- **PROBLEM DETAILS**: Everything in the listing except the pictures should be written out exactly.

EXERCISE MATERIAL START

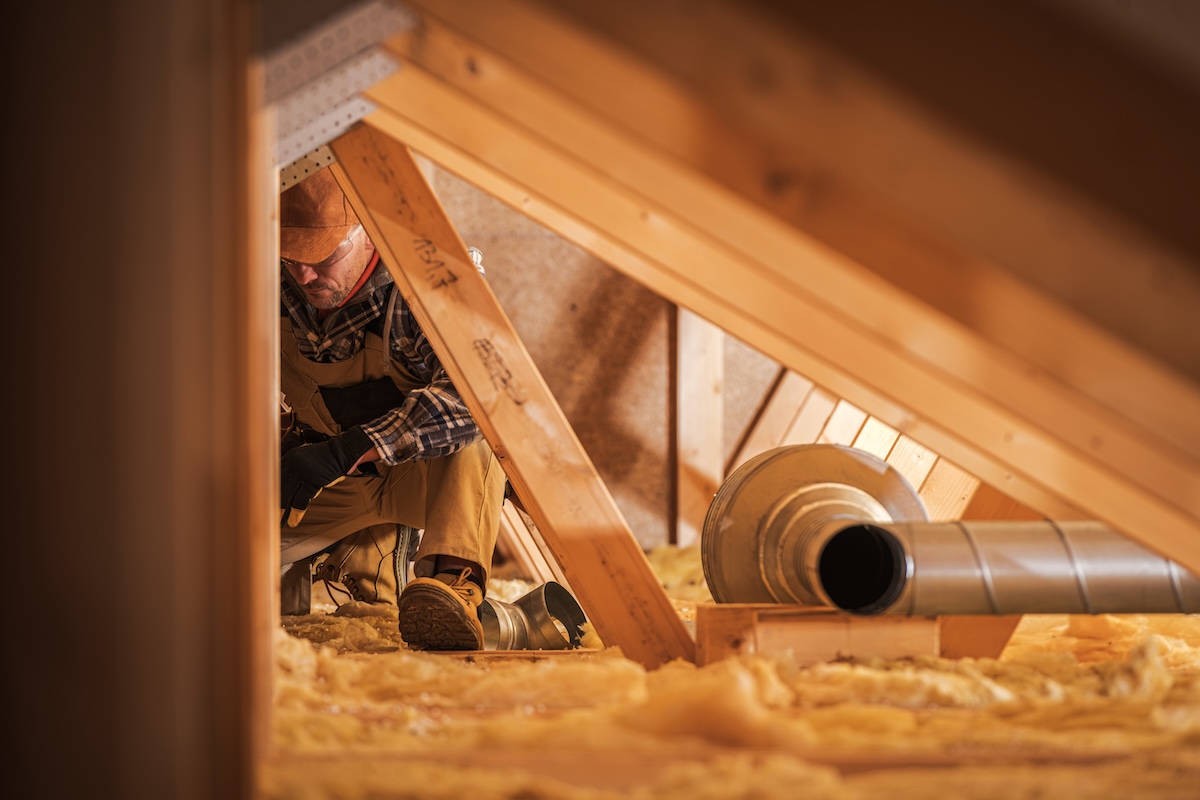 Worker among attic insulation and ventilation.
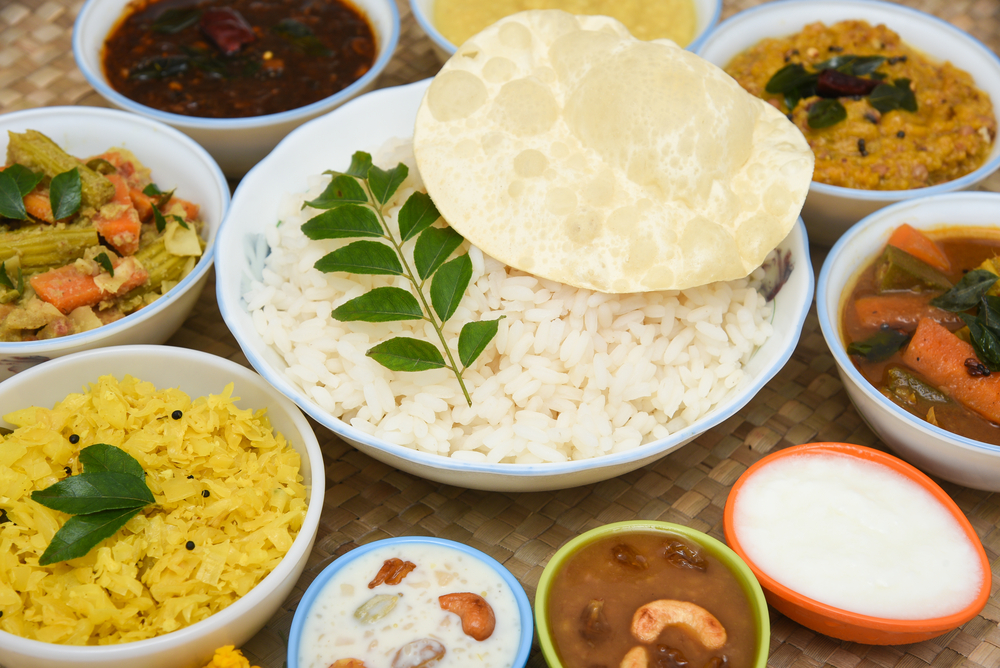 A bowl of rice topped with a green leaf, served at Mon Ami City Hotel's on-demand food service.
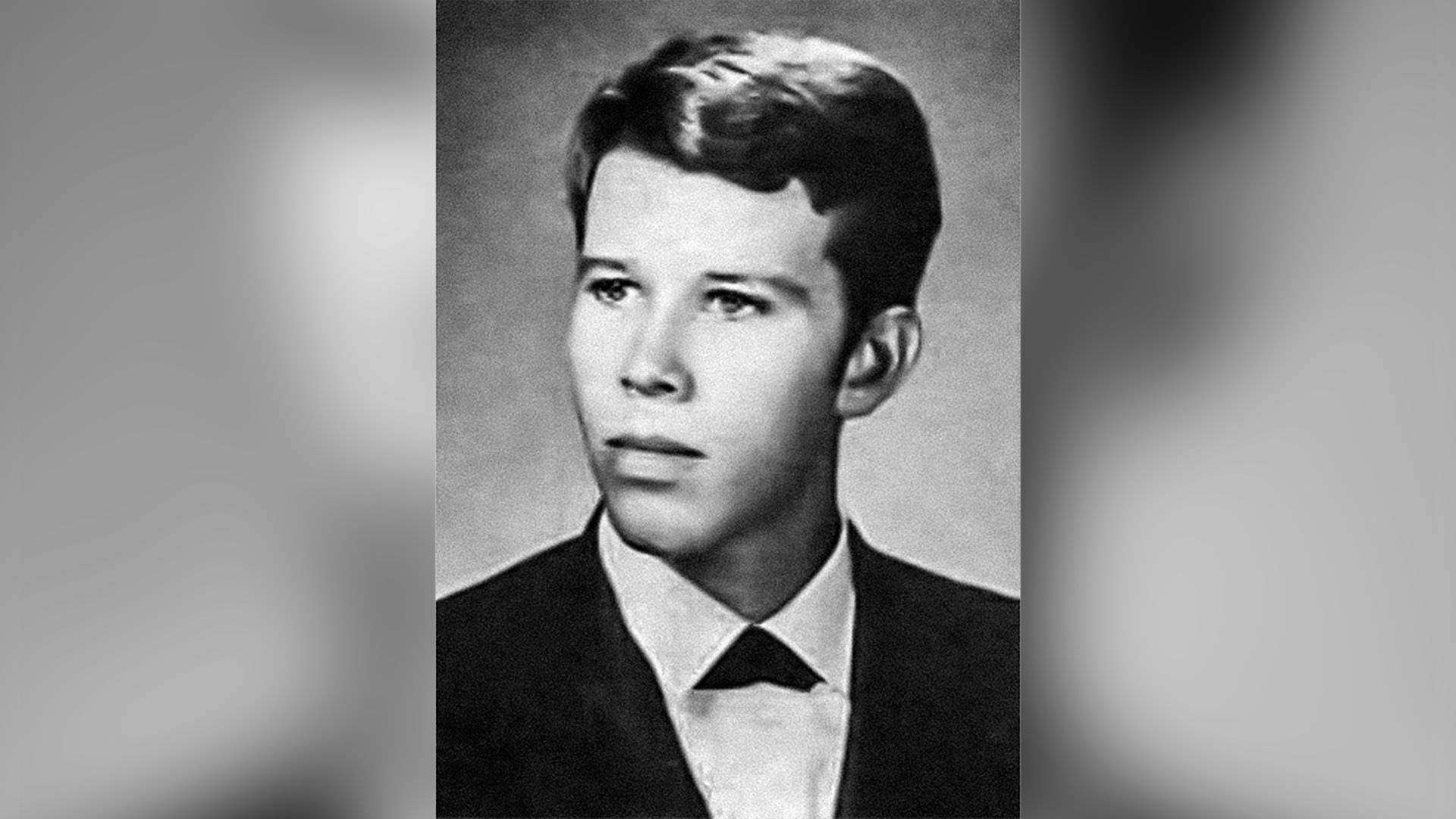 School portrait of Tom Waits in a jacket, three-quarter view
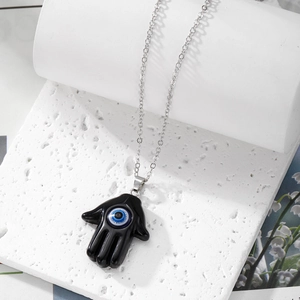 Macro shot of Hamsa hand pendant with blue evil eye on white marble background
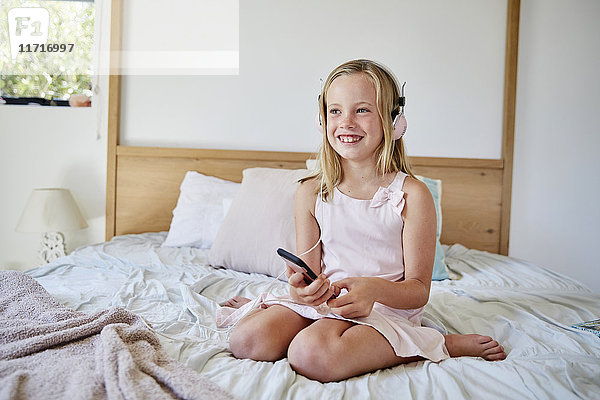 Porträt eines lächelnden kleinen Mädchens  das auf dem Bett sitzt und mit Kopfhörern Musik hört.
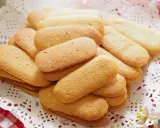Un mucchio di biscotti a forma di lingue di gatto, dorati e friabili, disposti su una tovaglietta di pizzo bianco.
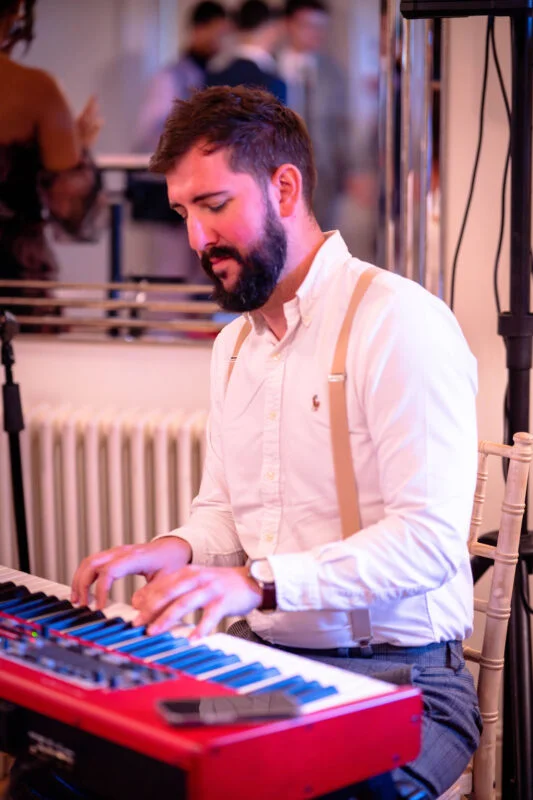 A bearded musician wearing a white shirt and braces plays a keyboard during a wedding celebration.
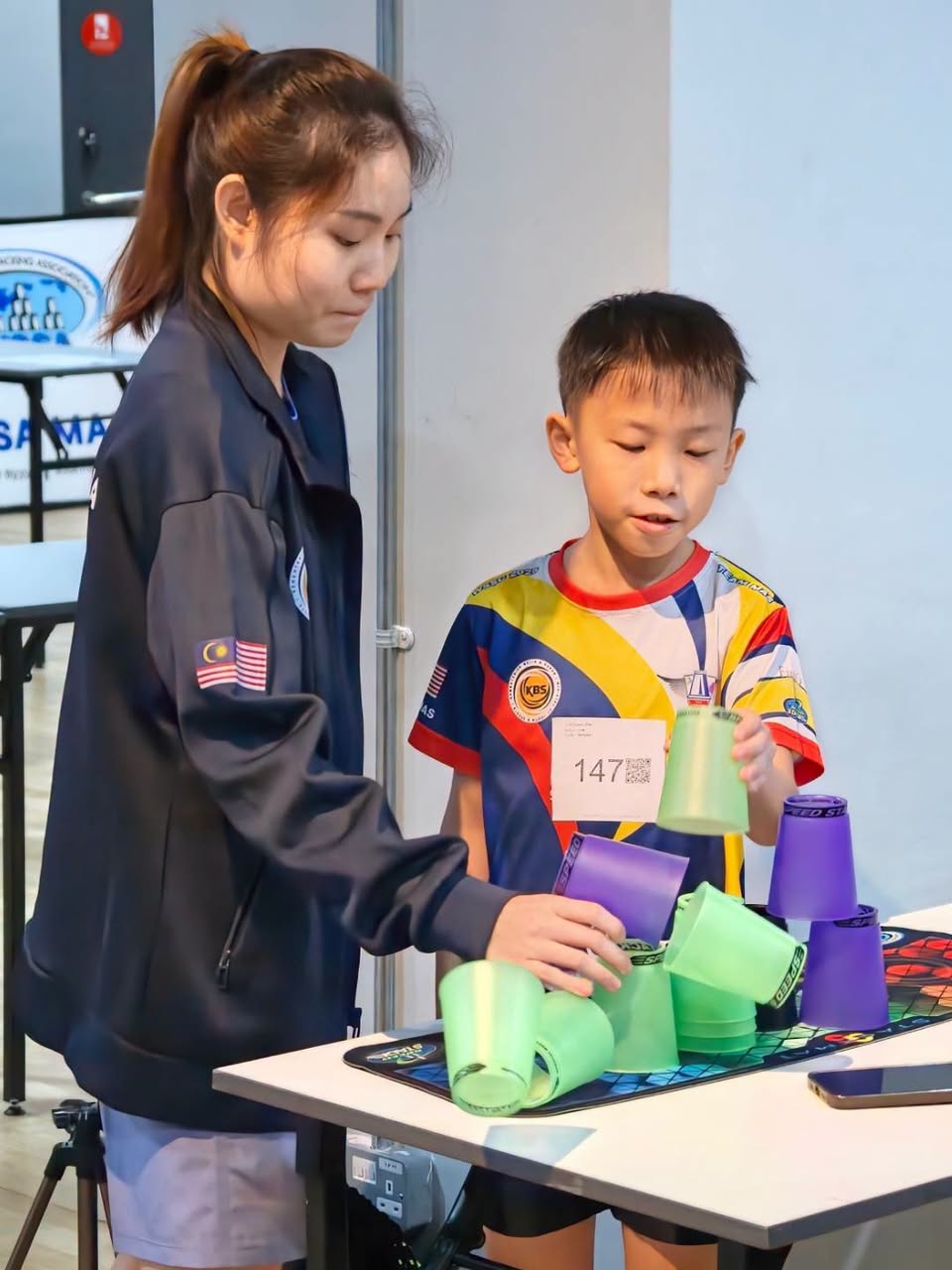 Sport stacking competitor in team jersey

EXERCISE MATERIAL END

- **WRITTEN ANSWER**:
 Worker among attic insulation and ventilation.
 A bowl of rice topped with a green leaf, served at Mon Ami City Hotel's on-demand food service.
 School portrait of Tom Waits in a jacket, three-quarter view
 Macro shot of Hamsa hand pendant with blue evil eye on white marble background
 Porträt eines lächelnden kleinen Mädchens  das auf dem Bett sitzt und mit Kopfhörern Musik hört.
Un mucchio di biscotti a forma di lingue di gatto, dorati e friabili, disposti su una tovaglietta di pizzo bianco.
 A bearded musician wearing a white shirt and braces plays a keyboard during a wedding celebration.
 Sport stacking competitor in team jersey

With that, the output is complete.